9. Is anyone else a bit concerned about Tampa Bay’s wide receivers? This group looks great on paper. It is made up of four former first-round draft picks in Joey Galloway, David Boston, Michael Clayton and Ike Hilliard. Maurice Stovall is a former third-round pick, and the Bucs might even keep two more receivers, Paris Warren and Mark Jones, on their 53-man roster. While there’s no disputing the fact that this unit is talented, I’ve become a bit concerned about their ability to separate from defenders on a consistent basis. With the exception of Galloway, these are not the fastest wide receivers in the league. After watching Tampa Bay’s three preseason games again, it looks as though quarterback Jeff Garcia is often times having a difficult time finding open receivers. This may or may not be the case, and Pewter Report plans to keep a close eye on these receivers at the beginning of the regular season. However, it’s important to note that Garcia is one of the better care-taking quarterbacks in the NFL, evidenced by the fact that he’s thrown just 73 interceptions in 2,973 career pass attempts. That comes out to one pick roughly every 40 throws. Garcia has great pocket awareness and wisely uses his scrambling ability to move the ball when receivers don’t appear to be open. That might have more to do with what I’ve been seeing (or not seeing) from some of Tampa Bay’s receivers more so than anything else.

Bucs wide receiver Mark Jones could very well make Tampa Bay’s 53-man roster, but if I’m the Bucs I desperately want to put the ball in cornerback Phillip Buchanon’s hands on punt and kickoff returns. Jones is a serviceable return man, but he hasn’t shown the ability to make many big plays, which in turn would go a long way in helping the Bucs offense establish better field position. Buchanon, on the other hand, does some special things with the ball in his hands. He’s scored seven touchdowns since entering the NFL in 2002, and he’s not even an offensive player. Buchanon has scored four touchdowns on interception returns and returned three punts for touchdowns during his career. The only deterrent I can see from the Bucs’ perspective in terms of having him return punts and kickoffs might be the idea of life without Buchanon on defense. If they lose Buchanon to injury, the Bucs will be in serious trouble since they are lacking depth behind their top three cornerbacks. That might ultimately be why Tampa Bay elects to keep Jones on its active roster.

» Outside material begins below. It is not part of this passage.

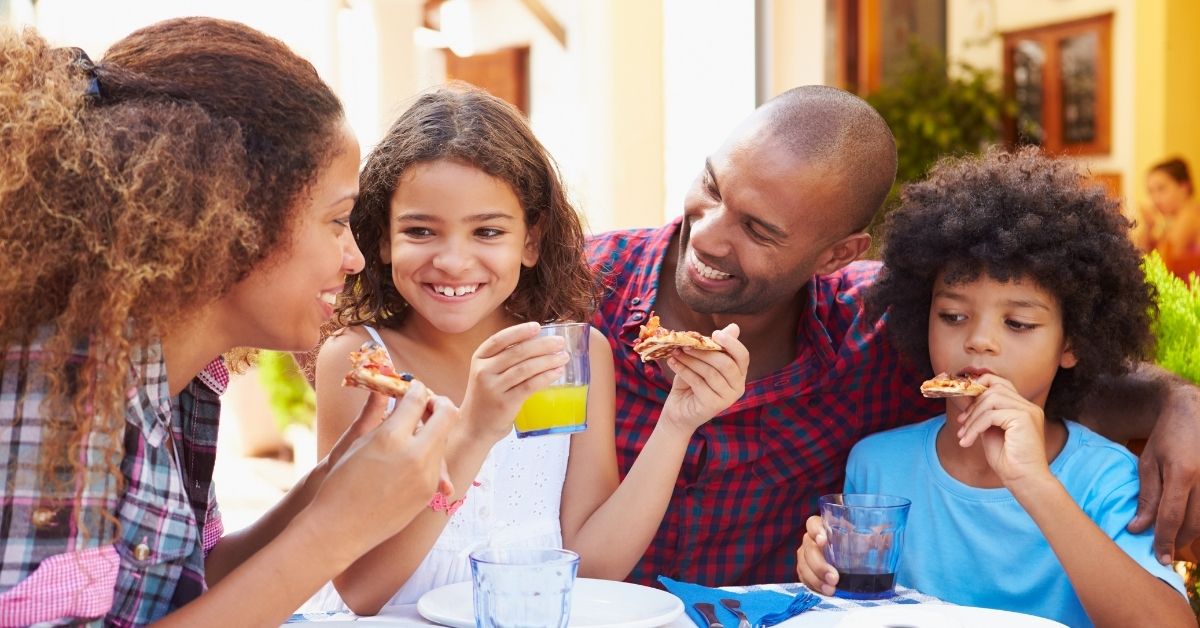 5 Benefits of Families Cooking and Eating Together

11. The most overlooked aspect of Tampa Bay’s preseason thus far? Try Matt Bryant’s success on field goal attempts. Through three exhibition contests, Bryant is 3-of-3 on field goal tries. Bryant’s record-setting 62-yard field goal vs. the Eagles overshadowed some of his kicking woes last season. In fact, Bryant made just 77.3 percent of his attempts in 2006. This Bucs team isn’t going to blow out a lot of opponents in 2006, and they’re going to need an accurate kicker, not the Martin Gramatica-type of production the Bucs had during the 2003 regular season when Gramatica made just 61.5 percent of his attempts. Bucs fans should no better than to take their field goal kickers for granted. The good news is Bryant has displayed an accurate leg thus far.

Jon Gruden may or may not be the head coach of the Buccaneers after this season. It will all depend on how Tampa Bay fares in 2007. Although Tampa Bay’s season hasn’t even started yet, some still are calling for a change in Tampa Bay. Are you one of the Bucs fans that wants Gruden to be fired? If so, whom would you replace him with? Bill Cowher? Urban Meyer? Someone else? I’m going to give you some particulars on one head coach’s resume’ and you decide if this is an ideal replacement for Gruden.

*Has an overall regular season record of 77-67
*Has won four division championships over the past seven seasons
*Has taken two teams to Championship Games since 2000
*Has won one Super Bowl title
*Has posted a losing season in three of his nine years as a head coach in the NFL

If you’re ready to hire this person as your head coach, you’re not ready to fire Gruden. Why? Because these are the accomplishments of Tampa Bay’s current head coach.